From 7 April 2026, labour market enforcement officers will exercise a defined suite of powers under the Police and Criminal Evidence Act 1984 (PACE) in England and Wales. The Police and Criminal Evidence Act 1984 (Application to Enforcement Officers) Regulations 2026 (SI 2026/303) were made on 16 March 2026, laid before Parliament on 17 March, and revoke the 2017 instrument for Labour Abuse Prevention Officers. The Regulations were signed by Kate Dearden, Parliamentary Under-Secretary of State at the Department for Business and Trade.
The Regulations clarify scope and definitions. ‘Enforcement officer’ refers to officers appointed by the Secretary of State under section 90 of the Employment Rights Act 2025, and ‘labour market offence’ takes its meaning from Part 5 of that Act via section 114B(11) of PACE. The instrument extends to England and Wales only.
The applied PACE provisions are targeted to investigations of labour market offences and operate with modifications to reflect that enforcement officers are not police officers.

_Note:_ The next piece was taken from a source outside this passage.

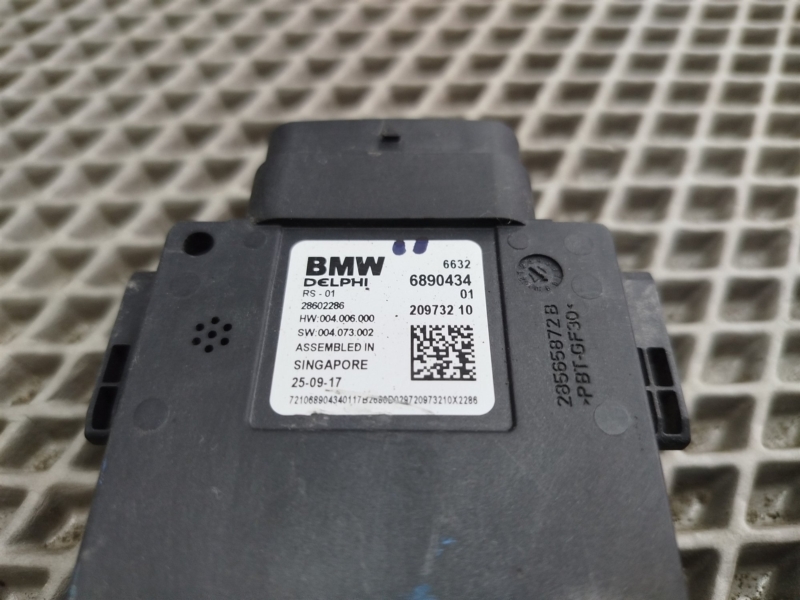 радарный датчик, 10925 рублей, Санкт-Петербург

Powers cover stop and search and search records (sections 1–3), warrants and special procedure material (sections 8, 9 and Schedule 1, together with sections 15 and 16), entry for arrest and searches after arrest (sections 17 and 18), seizure, computerised information, access/copying and retention (sections 19–22), arrest and custody processes (sections 24, 28–32), warrants of further detention (sections 43–44), the confession safeguard in section 77, reasonable force in section 117, and relevant interpretation provisions.
Searches of persons are tightly framed. Where premises are being searched under a warrant obtained under section 8 or Schedule 1, an enforcement officer may search a person found on the premises if there are reasonable grounds to suspect the person has concealed material that might be evidence of a labour market offence. The power excludes vehicles, permits a search of the mouth, and does not authorise removal of clothing beyond an outer coat, jacket or gloves. A person may only be searched by someone of the same sex, and officers must explain the grounds for the search.

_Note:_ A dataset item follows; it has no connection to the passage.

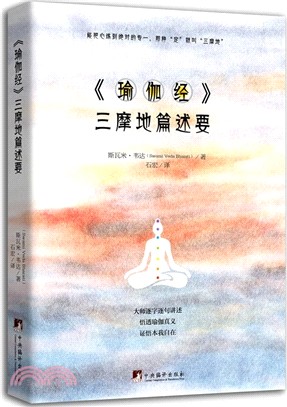 《瑜伽經》三摩地篇述要（簡體書）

Record‑keeping duties under section 3 are adapted. A search record must be made as soon as practicable. Where the search results in arrest and the person is delivered into police custody and taken to a police station, the enforcement officer must provide the record to the custody officer, who will place it on the custody record.

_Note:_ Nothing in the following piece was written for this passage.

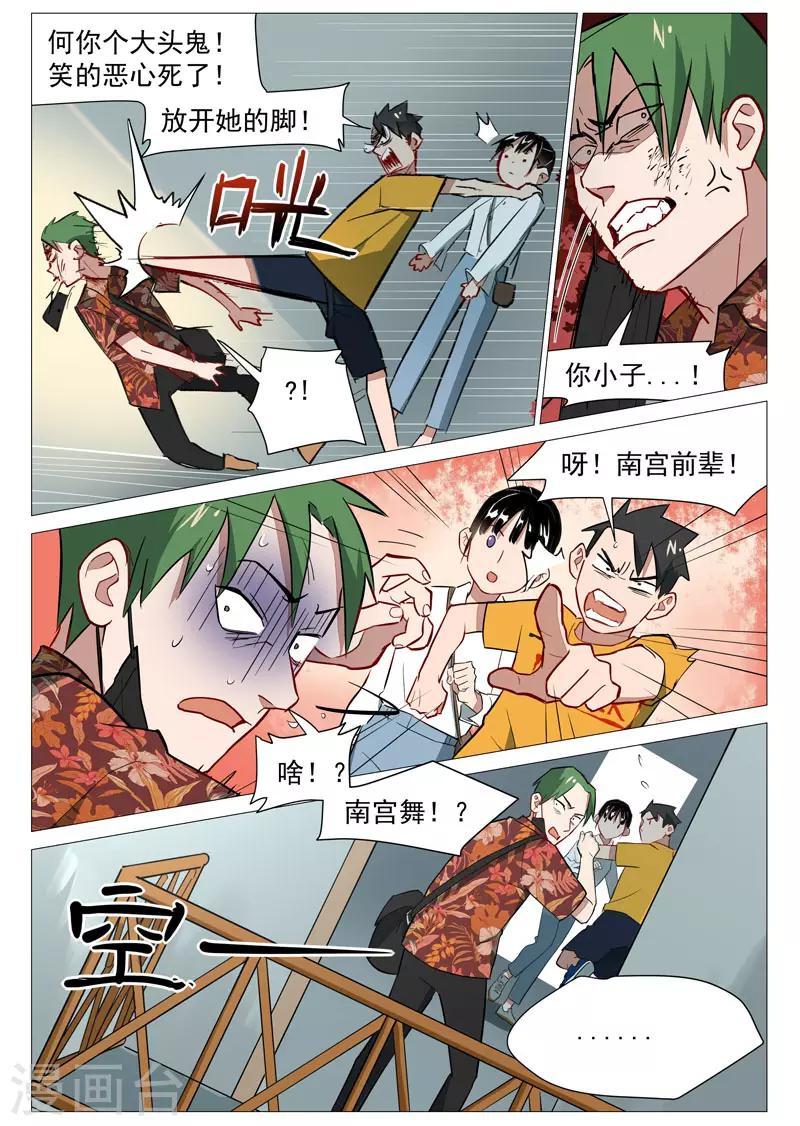 网游老婆是修真者漫画,第21话2 被发现了2图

Applications for and execution of warrants and production orders reflect the PACE model with seniority translated into civil service grades. Where PACE requires authorisation by a police officer of at least inspector rank, the equivalent threshold is an enforcement officer of at least senior executive officer grade. Execution requirements, including identification and presentation of the warrant, continue to apply.
Entry powers for the purpose of arrest and post‑arrest searches are applied to labour market investigations. Section 17 is read in relation to criminal proceedings connected to a labour market offence, and section 18 allows searches of premises occupied or controlled by a person under arrest for such offences. Records of these searches must be provided to the custody officer when the individual is handed over.
Seizure and retention powers include computerised information. Access and copying under section 21 may be refused where disclosure would prejudice the investigation of any offence, not only a labour market offence. Section 22 is modified so that items seized or taken away by, or passed to, an enforcement officer may be retained for as long as necessary in all the circumstances. Where items were taken from a person on arrest on safety or evidential grounds, they must be given to the police once the arrested person is delivered into police custody; subsequent retention follows PACE.
Arrest powers are applied with clear custody safeguards. An enforcement officer may arrest without warrant under section 24 where the statutory necessity criteria are met. If the arrest occurs elsewhere than at a police station, the person must be delivered into the custody of a constable as soon as practicable. Section 28 duties to inform the arrested person of the grounds apply. Voluntary attendance is reframed so that a person may attend to be interviewed in the presence of an enforcement officer at any suitable place, including a police station.
Further detention remains for the police to manage. Enforcement officers may apply for warrants of further detention and their extension in relation to labour market offences; courts must consider whether it would have been reasonable for the police or an enforcement officer to have applied earlier and what inquiries each has made.
Reasonable force may be used where necessary in exercising applied powers under section 117. On confessions, section 77 is modified so that an enforcement officer is not regarded as an ‘independent person’ for the purposes of considering the reliability of a confession by a vulnerable suspect.
The instrument includes transitional and interpretive provisions. Until section 20(2) of the Policing and Crime Act 2017 commences, references to section 21 are to be read without the subsection range. Relevant PACE interpretation provisions (including sections 10–14, 23, 82 and 118) apply to the extent needed to give effect to the powers. No impact assessment has been produced, with the Department indicating no impact on the private or voluntary sectors.
Practically, this consolidates powers for the reconfigured labour market enforcement system created by the Employment Rights Act 2025. Employers and labour providers should plan for visits where PACE‑based safeguards and obligations-clear grounds, officer identification and prompt records-apply directly to enforcement officers. The near‑term task is to refresh on‑site warrant protocols and interview procedures, confirm escalation to legal advisers, and brief staff ahead of commencement on 7 April.